::: Extracted data

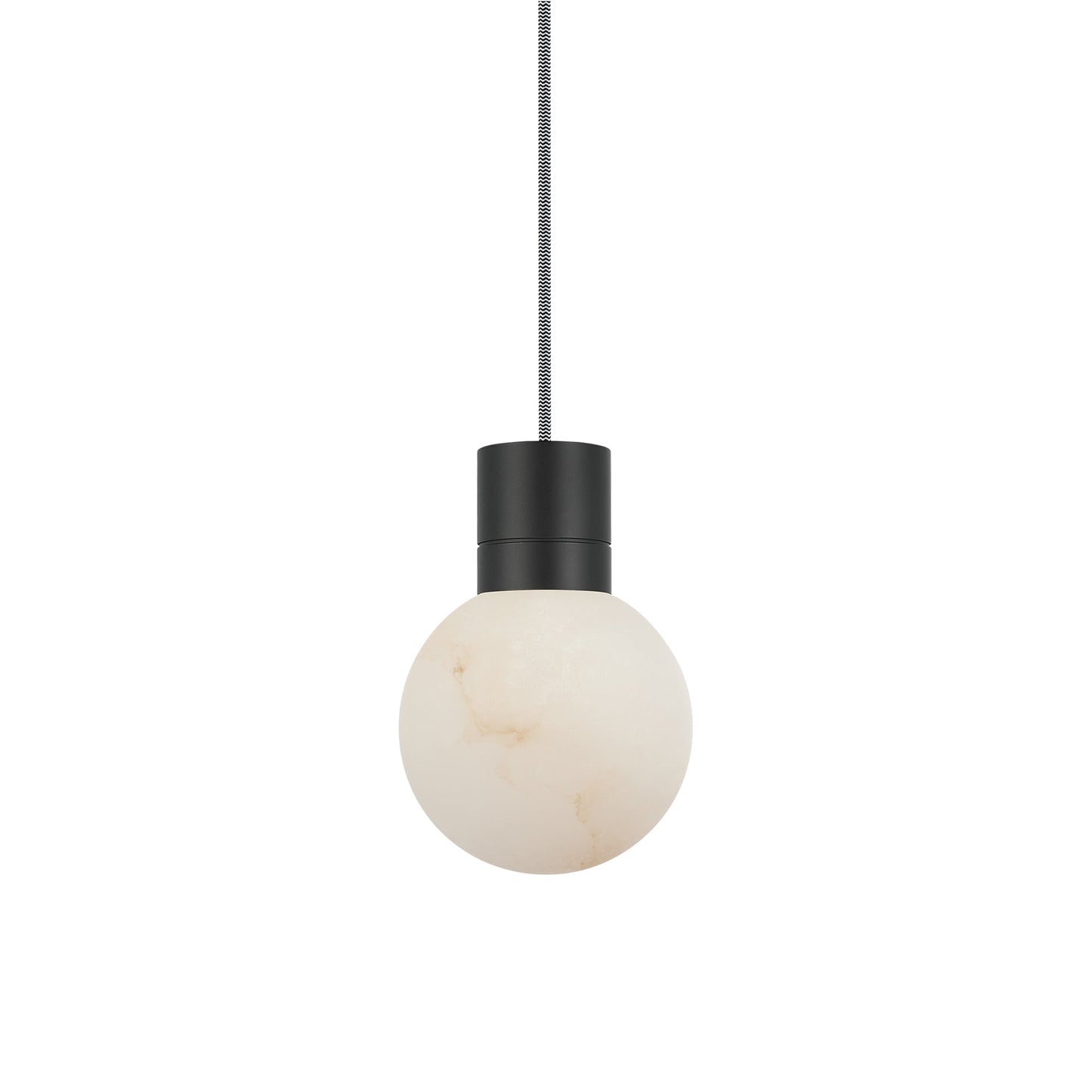 Mina LED Pendant Light in Black/White Cord.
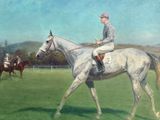 a painting of a man riding a horse in a field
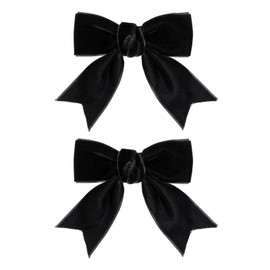2 Pcs Velvet Hair Bows Black Ribbon Alligator Hair Pins Clips Bowknot Barrettes 3" for Baby Toddler Girls School Kids Xmas Valentines Birthday Gift Cute Fall Accessories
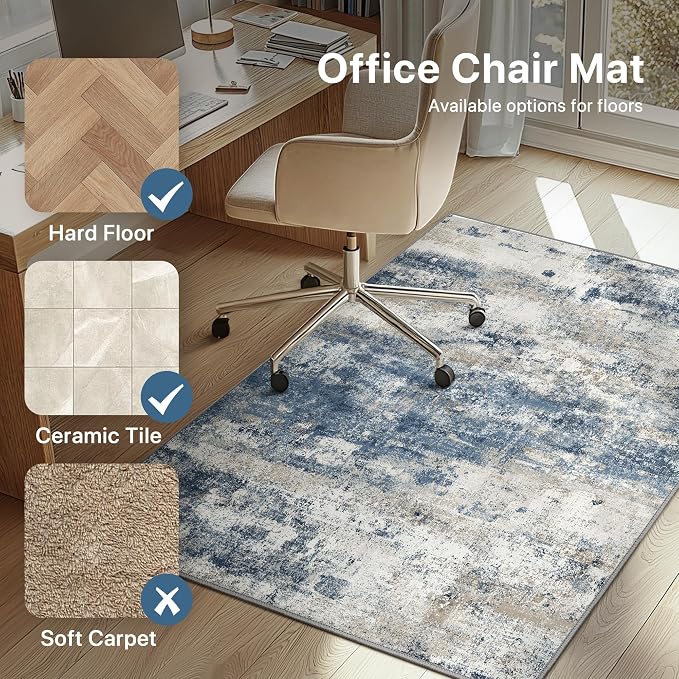 Office Chair Mat for Hardwood Tile Floor, Abstract 48"X 60" Desk Mats for - Image 3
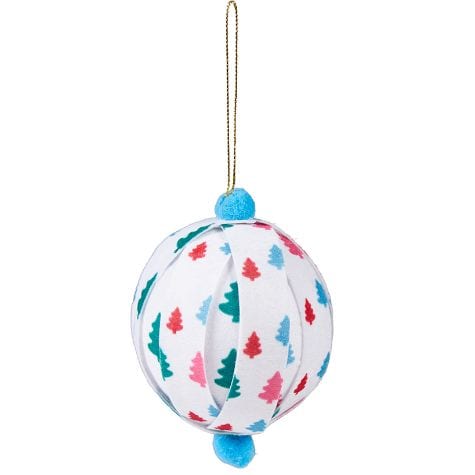Sets of 2 Patterned Paper Ball Ornaments - Green/Blue/Pink Trees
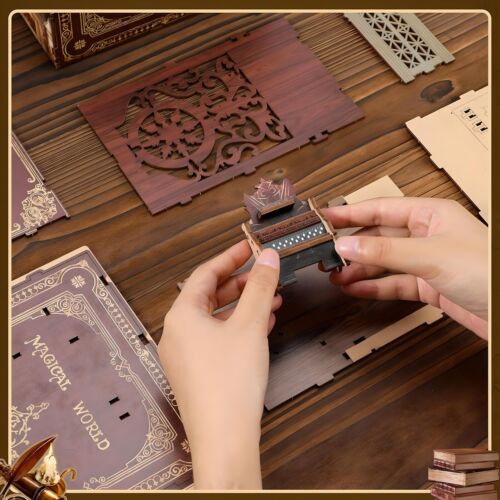 DIY Book Nook Kit Magic World Miniature Wizard Library with LED Light Home Decor - Picture 7 of 7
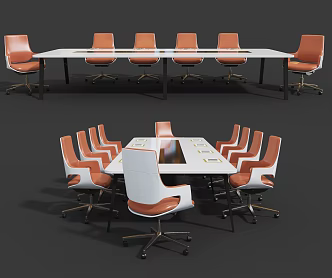 Modern Conference Table and Chair Conference Table 3d model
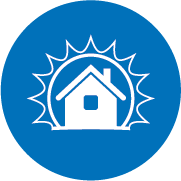 A house is surrounded by a sun in a blue circle.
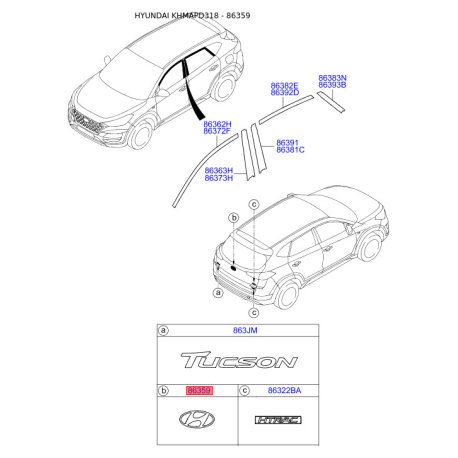 Эмблема радиатора 86300-D3000 Mobis - 86300D3000 - схема с каталога 86359, KHMAPD318 86300D3000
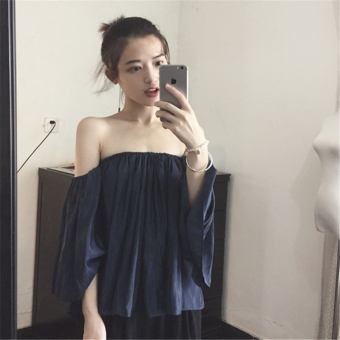 Yang Chic Seksi Strapless Atasan Manis Kemeja (Biru tua)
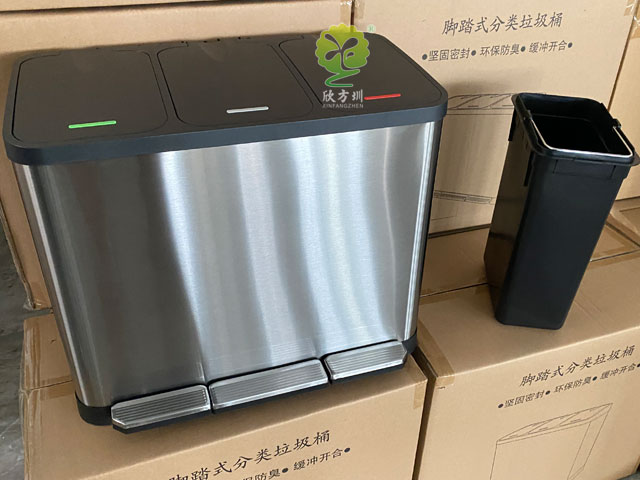 家庭室內不銹鋼3分類垃圾箱 家庭室內不銹鋼3分類垃圾箱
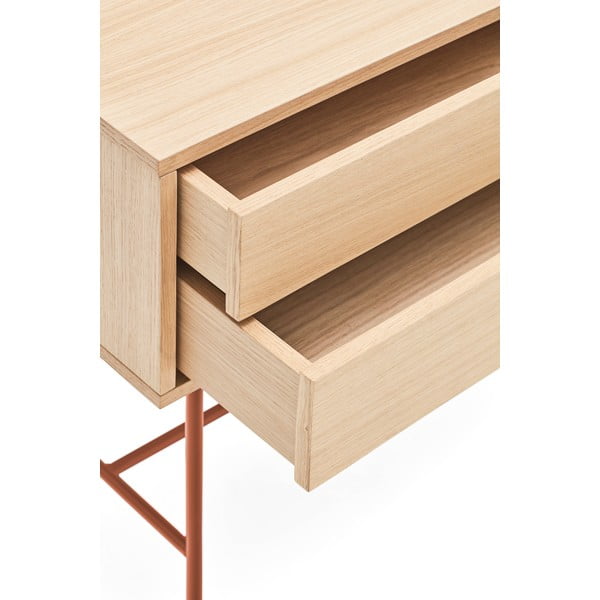 Ķieģeļu sarkans konsoles galds ar ozolkoka finieri Yoko - Teulat-image-3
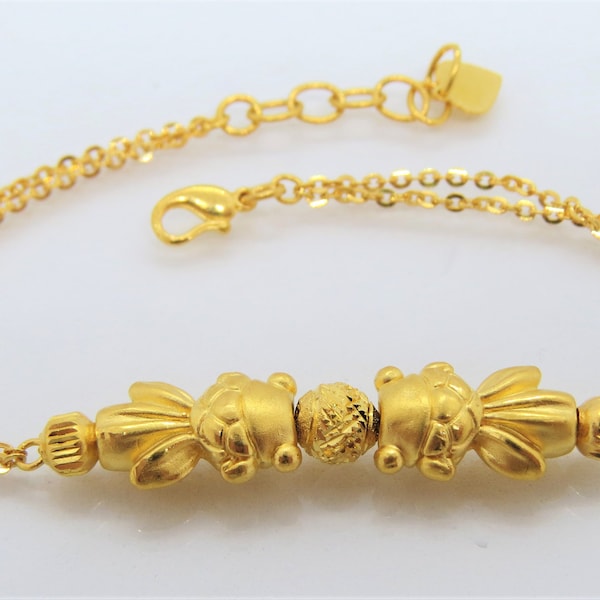 24K 999 Pure Gold 3D Goldfish Link Chain Vintage Bracelet 7''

::::::

** What is expected **
The output should consist of the records above, reproduced exactly, without pictures.

** Answer space **
 Mina LED Pendant Light in Black/White Cord.
 a painting of a man riding a horse in a field
2 Pcs Velvet Hair Bows Black Ribbon Alligator Hair Pins Clips Bowknot Barrettes 3" for Baby Toddler Girls School Kids Xmas Valentines Birthday Gift Cute Fall Accessories
 Office Chair Mat for Hardwood Tile Floor, Abstract 48"X 60" Desk Mats for - Image 3
Sets of 2 Patterned Paper Ball Ornaments - Green/Blue/Pink Trees
 DIY Book Nook Kit Magic World Miniature Wizard Library with LED Light Home Decor - Picture 7 of 7
 Modern Conference Table and Chair Conference Table 3d model
 A house is surrounded by a sun in a blue circle.
 Эмблема радиатора 86300-D3000 Mobis - 86300D3000 - схема с каталога 86359, KHMAPD318 86300D3000
 Yang Chic Seksi Strapless Atasan Manis Kemeja (Biru tua)
 家庭室內不銹鋼3分類垃圾箱 家庭室內不銹鋼3分類垃圾箱
 Ķieģeļu sarkans konsoles galds ar ozolkoka finieri Yoko - Teulat-image-3
 24K 999 Pure Gold 3D Goldfish Link Chain Vintage Bracelet 7''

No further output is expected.